> **What you have to do**: Your reply should consist only of the lines from the one holding "Three people smile" to the last line of the data below, written out exactly and without pictures.

--*--

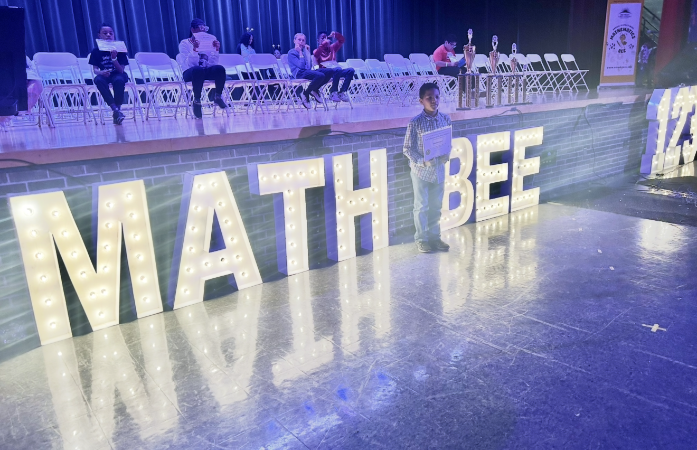  Student standing by a sign smiling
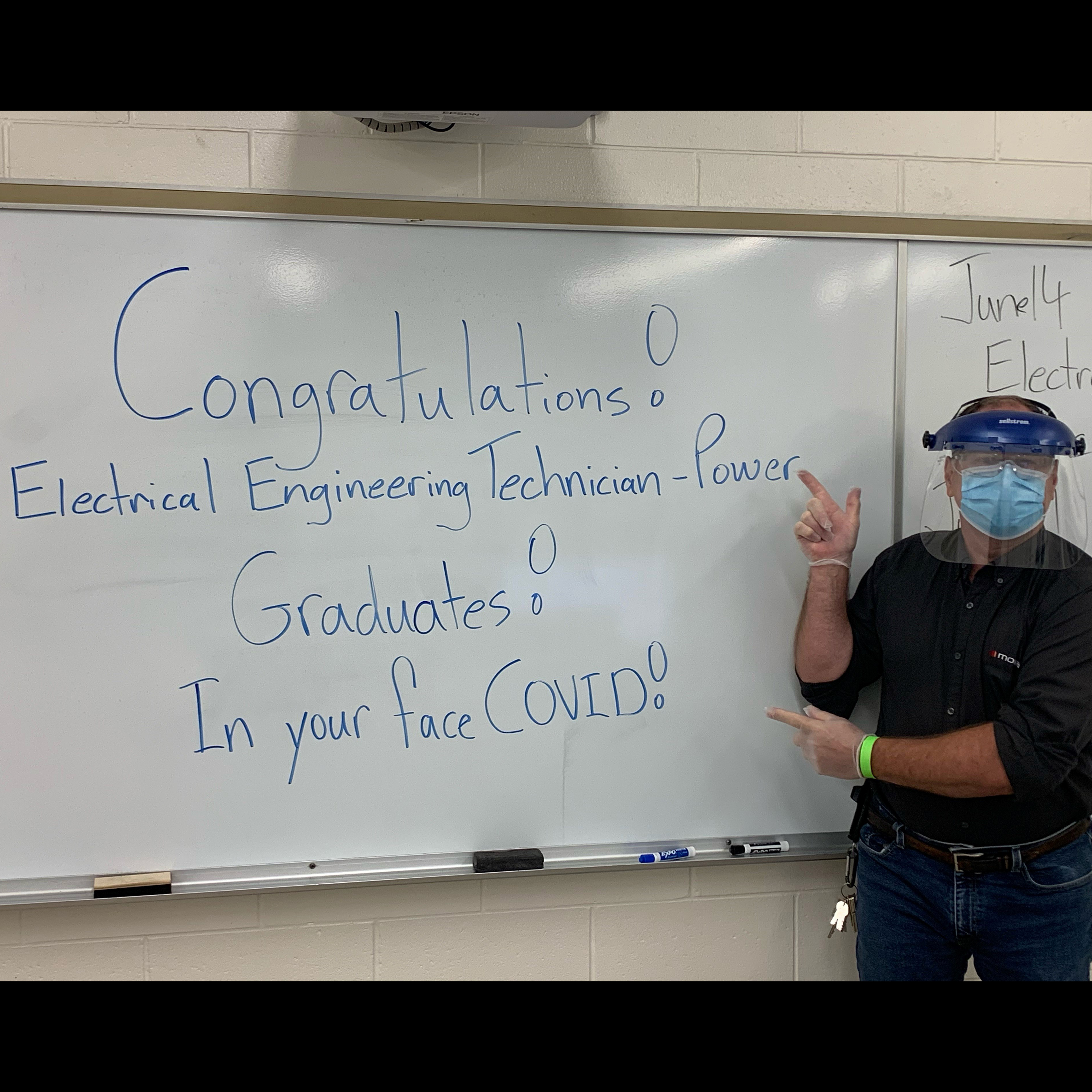 a man named Glenn Kinaschuk with a sign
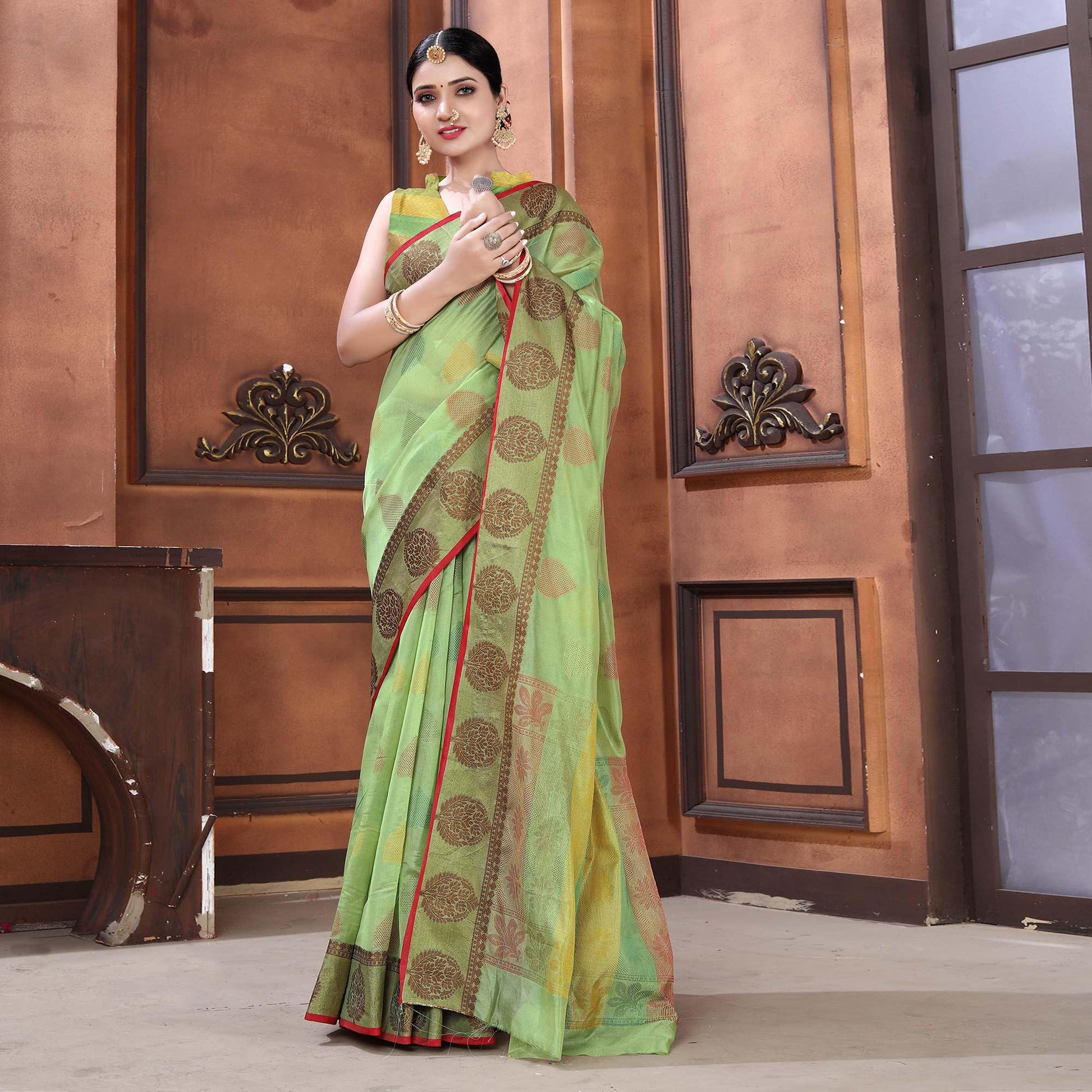 green-festive-wear-woven-organza-saree-128414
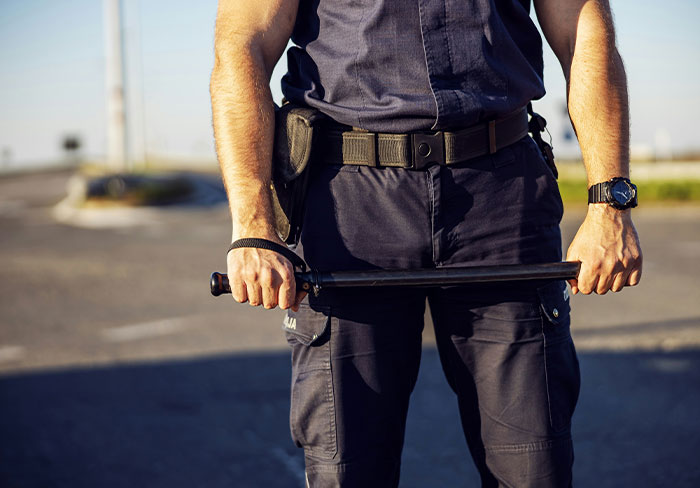 ICE agent in uniform holding a baton standing in a parking lot during a detention incident involving language barriers. ICE agent in uniform holding a baton standing in a parking lot during a detention incident involving language barriers.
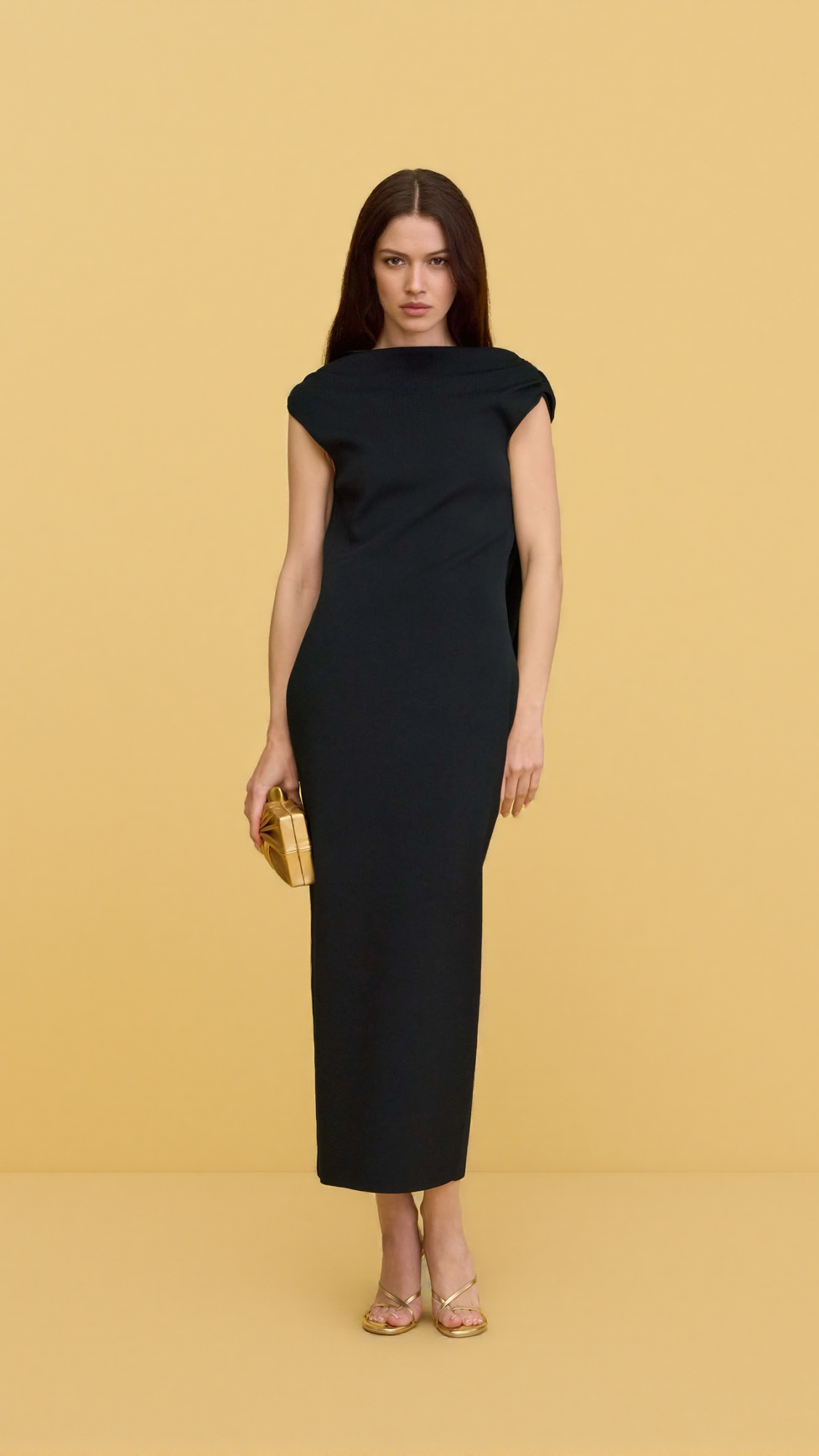 BLACK SLEEVELESS BACKLESS KNIT MIDI DRESS WITH TWO PLEATED GOLDEN EMBELLISHMENTS
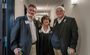 Three people smile for the camera inside a hallway during the hotel's grand opening celebration.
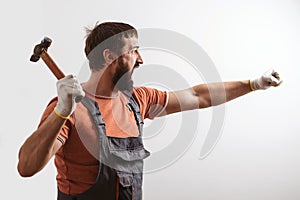 Bearded builder working with hammer. Construction work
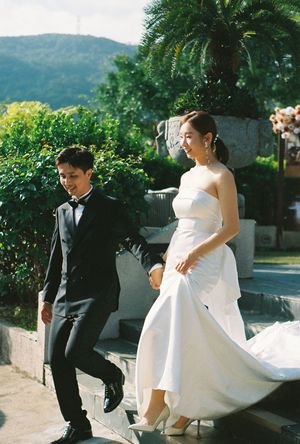 A couple in wedding attire holds hands outdoors, bride in white gown and groom in black tuxedo, with lush greenery behind.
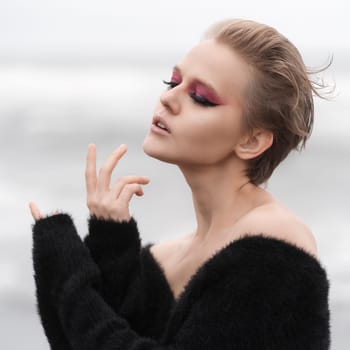 Portrait of blonde woman with her eyes closed. Fashion model with bright makeup and short hair posing outdoors against white natural background. Soft selective focus makes portrait even more beautiful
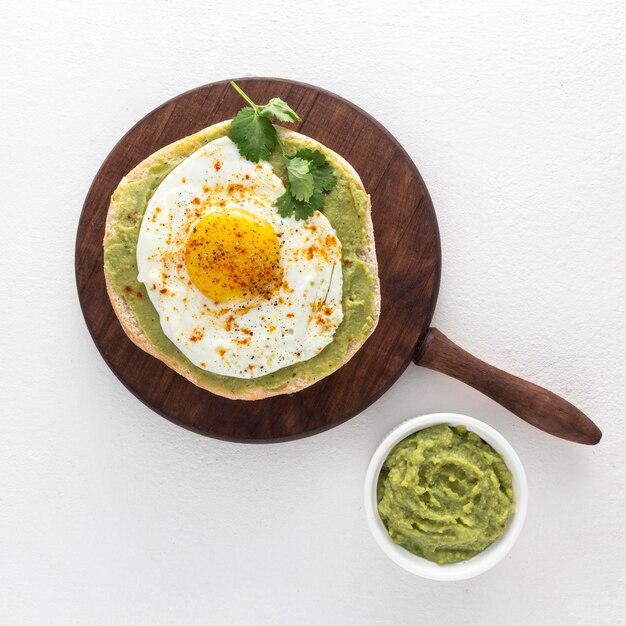 Flat lay pita with avocado spread and fried egg on cutting board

--*--

> **Task output**:
 Three people smile for the camera inside a hallway during the hotel's grand opening celebration.
 Bearded builder working with hammer. Construction work
 A couple in wedding attire holds hands outdoors, bride in white gown and groom in black tuxedo, with lush greenery behind.
 Portrait of blonde woman with her eyes closed. Fashion model with bright makeup and short hair posing outdoors against white natural background. Soft selective focus makes portrait even more beautiful
 Flat lay pita with avocado spread and fried egg on cutting board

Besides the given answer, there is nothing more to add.